Poursuivie avec plusieurs complices pour terrorisme, vol à main armée et association de malfaiteurs, la prévenue comparaît devant la justice militaire dans une affaire qui retient l’attention de l’opinion nationale et internationale. Selon les premiers éléments du dossier, les accusés sont soupçonnés d’avoir participé à un braquage audacieux au sein de l’établissement bancaire, au cours duquel une somme importante aurait été dérobée.
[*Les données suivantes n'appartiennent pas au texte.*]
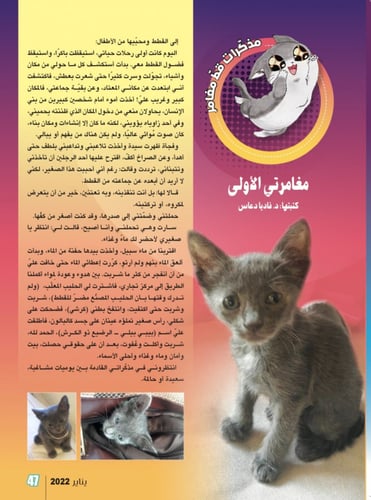 سنة جديدة 2022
Un procès sous haute tension
Dès l’ouverture des débats, le tribunal a été saisi de plusieurs requêtes émanant des avocats de la défense et de la partie civile, notamment Rawbank S.A. Après examen, les juges ont décidé de renvoyer l’audience au 28 octobre prochain, afin de permettre aux parties de mieux préparer leurs moyens de défense et à la cour d’examiner certains éléments de preuve.
La prévenue, transférée sous haute escorte au Camp Lufungula, a comparu visiblement marquée par les conditions de son arrestation, qui ont suscité une vive controverse sur les réseaux sociaux et dans plusieurs milieux diplomatiques.
Réactions officielles et dénonciations
L’État congolais, par l’entremise du ministère de la Justice, a condamné les conditions brutales et dégradantes dans lesquelles Honorine Porshen a été arrêtée, certaines vidéos montrant la prévenue partiellement dénudée lors de son interpellation par des agents de sécurité.
De son côté, l’ambassade d’Allemagne à Kinshasa, pays avec lequel la prévenue entretiendrait des liens personnels et professionnels — a également protesté contre le traitement jugé humiliant réservé à cette dernière, appelant au respect des droits fondamentaux et de la dignité humaine durant toute la procédure judiciaire.
Entre justice et image de l’État
Le gouvernement congolais, tout en réaffirmant son attachement à l’indépendance de la justice, a promis que la lumière serait faite sur les circonstances de l’arrestation et que toute dérive policière ou atteinte à la dignité humaine sera sanctionnée.
Cette affaire, qui mêle à la fois criminalité urbaine, enjeux judiciaires et diplomatiques, met une nouvelle fois en lumière les défis auxquels fait face la République démocratique du Congo dans sa lutte contre l’insécurité tout en garantissant le respect des droits humains.
Le public et les observateurs attendent désormais la poursuite du procès le 28 octobre, au cours duquel les juges devraient entendre les premières déclarations des prévenus et examiner les preuves matérielles du dossier.